Since returning home, over the last 6 months, I've now lost at least 55 more pounds, have myself in at least bowling shape again, learned many things from the cp bowling experience that I didn't realize about the game (lanes are NOT oiled, making hook shots very difficult if not worthless to roll, among other things). I had bought Candleping balls before, and have now made substitute for practicing this summer & fall on a local artificial-turf soccer field near my new home, have rolled enough practice balls to make the equivilent of a half-league season, getting my straight ball down & hitting my target 'pin' much move often - not great but much better. I'm now gaining the subsitute for the league experience I can't get in Chicago, and looking forward to 6 months from Today, Easter Sunday (April 24th, 2011), and this time following thorugh on my chance to bowl with and against many of the best Candlepin bowlers, many whom I've watched on youtube, meet a few more of them (we're all aged 15-20 years! since their local TV telecasts), and see how I fare in a "Open" tournament with and against them. I don't expect to win of course (would love to of course), but just want to enjoy the experience and do my best in what I consider 'Real Bowling' again, in what to me is the purest form of it. (That and regular Duck Pins, no rubber bands, no setting strings.)

JustRalph
10-24-2010, 11:02 PM
Steve, Good luck! I hope you have a great time

Congrats on the weight loss too......... very impressive :ThmbUp:

Robert Goren
10-25-2010, 12:21 AM
My other favorite sport is Pheasant Hunting. What is wrong with it? Too damn much walking for an old man.

Canarsie
10-25-2010, 10:57 AM
The reason for the decline in watching sports especially with the older crowd is the abundance of games on the air. While we were growing up the Saturday game of the week for baseball was special. NBA finals were even on tape delay. Now there's something on 24/7 you just have to pick and choose.

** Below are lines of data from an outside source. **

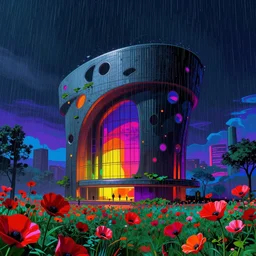 architecture by etel adnan, extraterrestial vaporwave assassin's creed liberty city thermal imaging reclaimed by nature rain night otherworldly scumm bar galactic universe poppy tokyo cgsociety landscape wilderness, archdaily, wallpaper, highly detailed, trending on artstation.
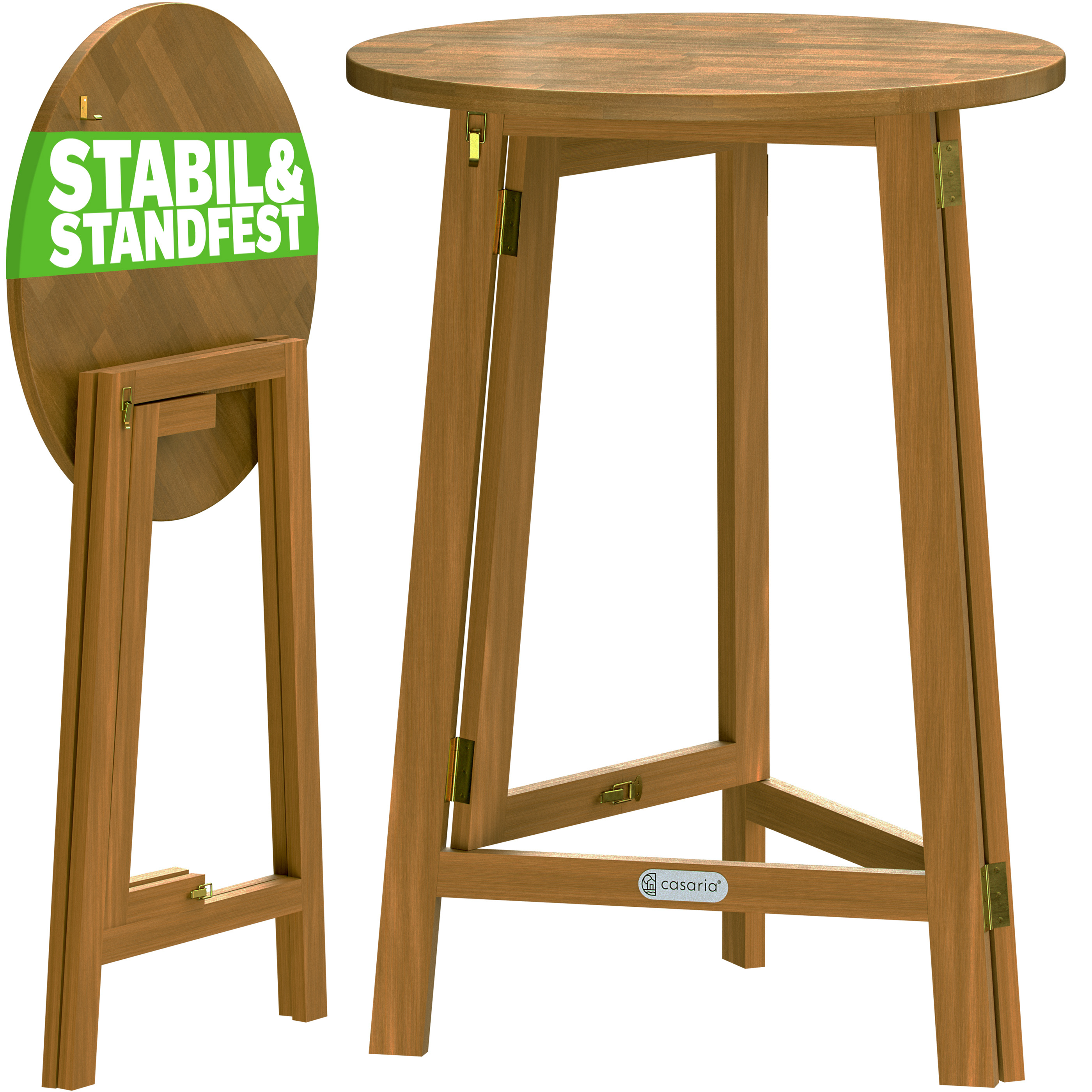TEMU CASARIA® Table Pliante en Bois 110Cm de Hauteur Ø80 Cm Ronde en Acacia Rustique Intérieur Extérieur Bistro Table à Bière Table de Jardin Table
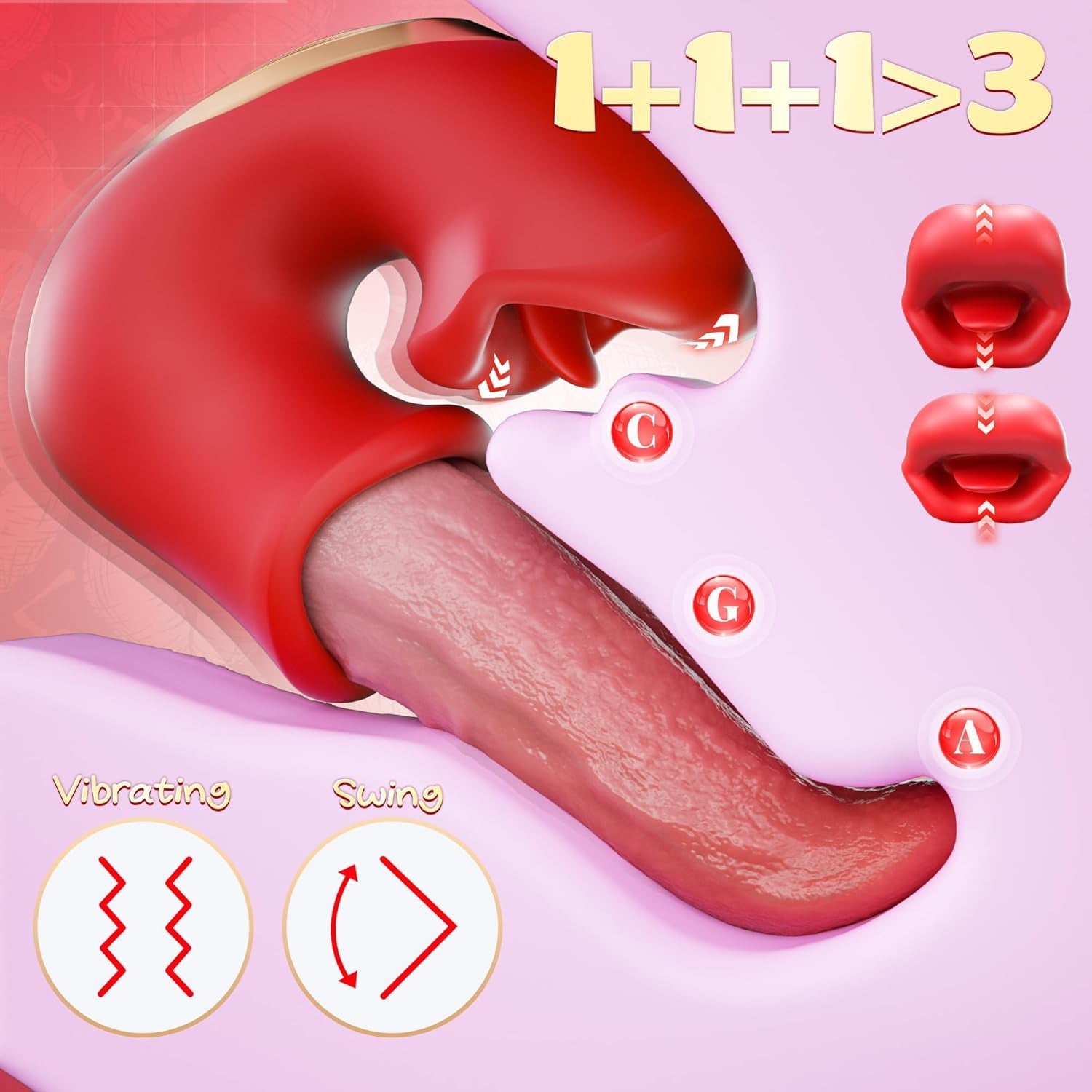 TripleTeaseV 3 - in - 1 Rose Tongue Vibrator - Vixen | Nova Network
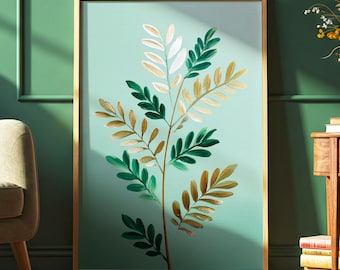 Mint Orchard – Botanical Leaf Art Print in Green and Gold, Fresh Modern Nature Wall Decor for Kitchen Dining Room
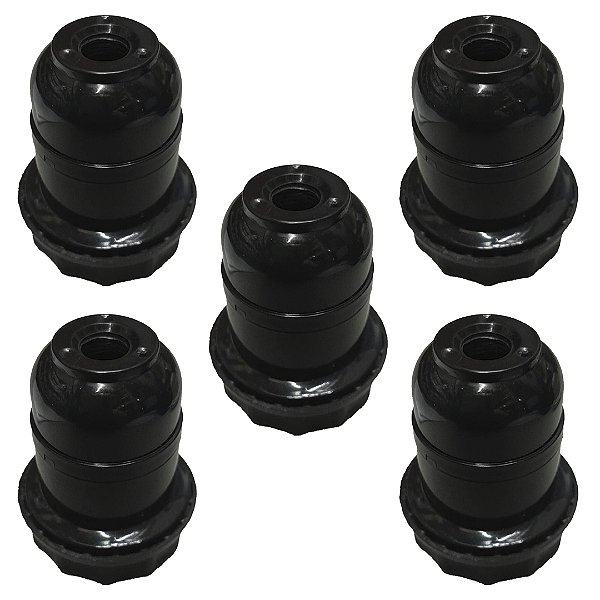 KIT 5 SOQUETE E-27 ABAJUR PLASTICO PRETO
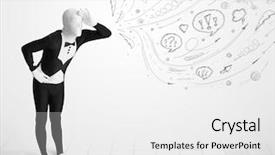  Presentation with doodles - Presentation theme having stick characters - funny guy in body suit background and a white colored foreground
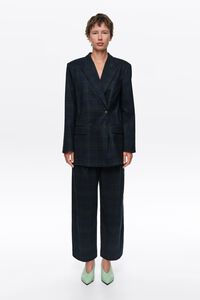 Navy blue checked darted barrel-leg trousers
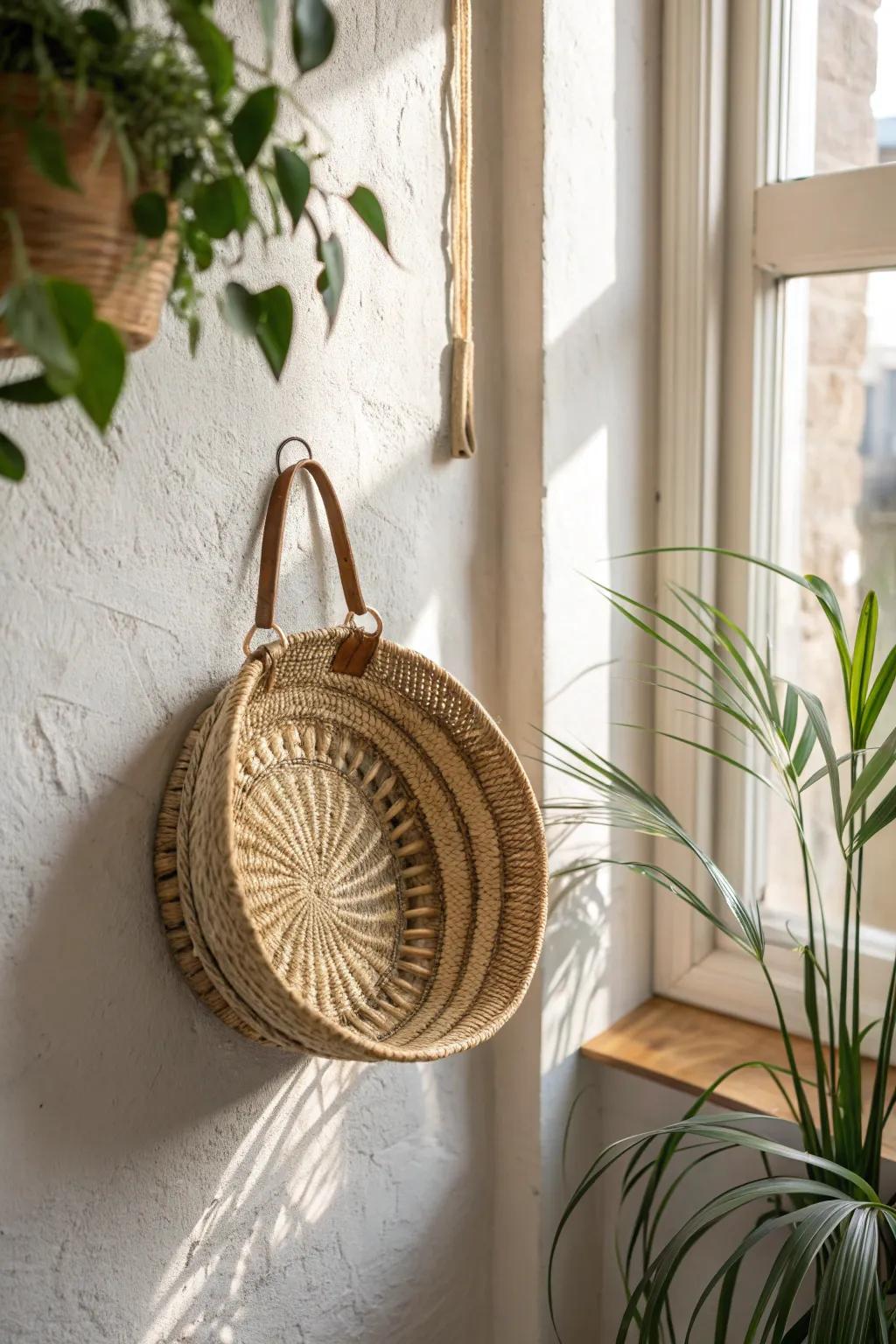 A single woven basket adds boho texture—start your wall gallery with one stunning piece.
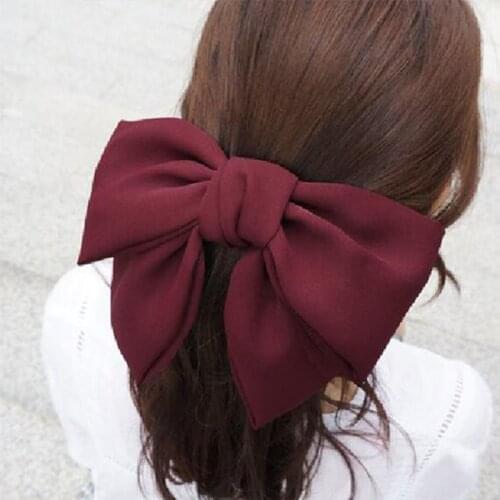 FAMSHIN Fashion Big Bow Hairpin Cute Red Barrette Pink Hair Clip Women Girls BB Hairgrip Korean Oversize Floral Hair Accessories
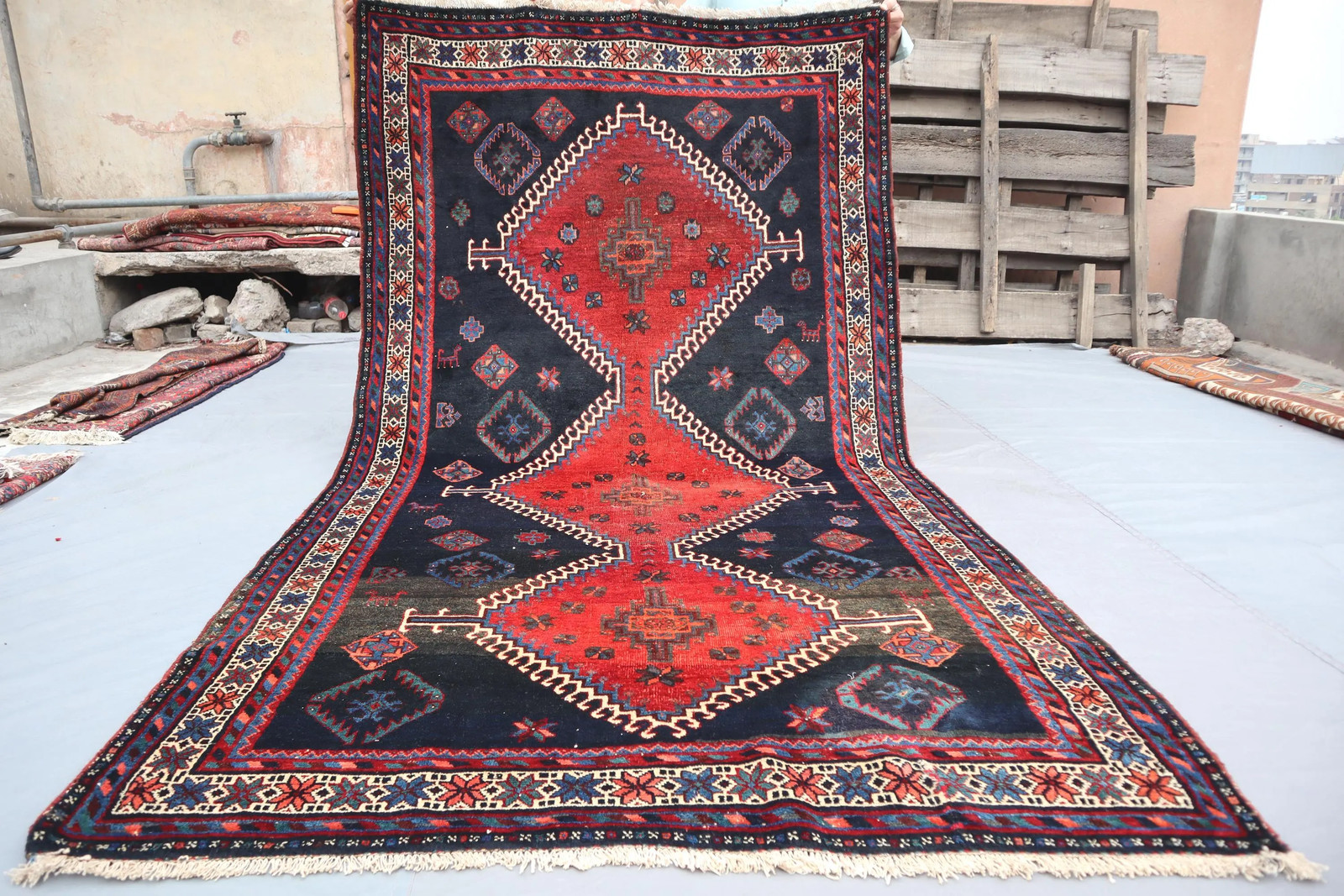 5x9 Vintage Turkish Kazak Navy Blue Red Area Rug Hand Knotted Wool Oriental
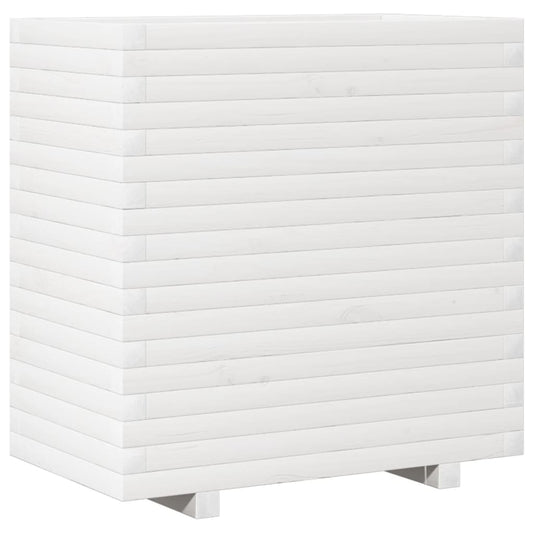Jardinera De Madera Maciza De Pino Blanca 70x40x72 Cm_0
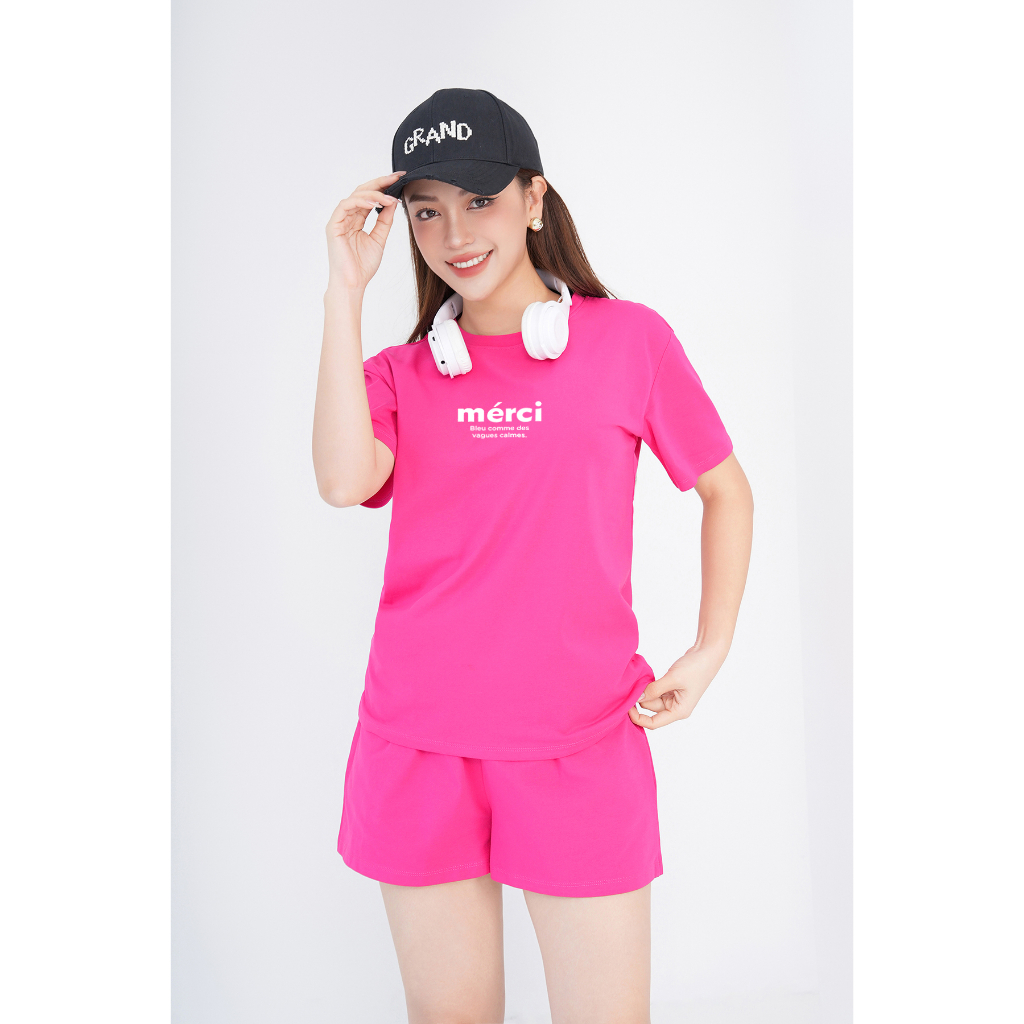 [Form Rộng] Đồ bộ nữ mặc nhà cotton 4 chiều in chữ Merci - Set quần áo nữ mùa hè- LOZA BR6286_thumbnail_3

Just look at MNF and it going to cable. When it started the ratings were through the roof. Even boxing was on in prime time every Friday night when I was growing up used to watch it with my dad in black and white.

Times change and so do viewing patterns.

JustRalph
10-25-2010, 05:11 PM
My other favorite sport is Pheasant Hunting. What is wrong with it? Too damn much walking for an old man.

I too enjoyed that in my younger days........ but the pheasants became rare and so did my get up and go

johnhannibalsmith
10-25-2010, 05:43 PM
I'm the same way Ralph... I used to watch hockey or baseball just about every night of the week... now, I'm hard pressed to turn away from a History channel show documenting how an envelope is made to watch a game of any kind.

Baseball lost me in the mid-90's and my pee-wee hockey games had more intensity and toughness than 64% of all NHL regular season games now.

pandy
10-25-2010, 06:48 PM
I agree with CJ, watching sports was much more exciting when I was a teenager, or even in my twenties. Now I enjoy the games a lot more if I have a bet down. I'll watch the World Series, though, but the NFL has replaced MLB as my main sport outside of horse racing.

Robert Goren
10-25-2010, 11:13 PM
I too enjoyed that in my younger days........ but the pheasants became rare and so did my get up and goActually I have not done it years. I have the same problem as you. My get up and go these day is limited to the bathroom.:( :D

dav4463
10-26-2010, 06:33 AM
I'm a sports junkie. I watch everything I have time to watch. I listen to sports radio every day. Without sports, my days would be really boring!

Steve 'StatMan'
10-27-2010, 01:08 PM
I stopped closely following the NFL when I stopped getting into Office Pools (gambling, mildly) on the games. Actually quit every one of my hobbies (had way too many) to focus just on one (tb horse racing) hoping to get good at it (glad I did.)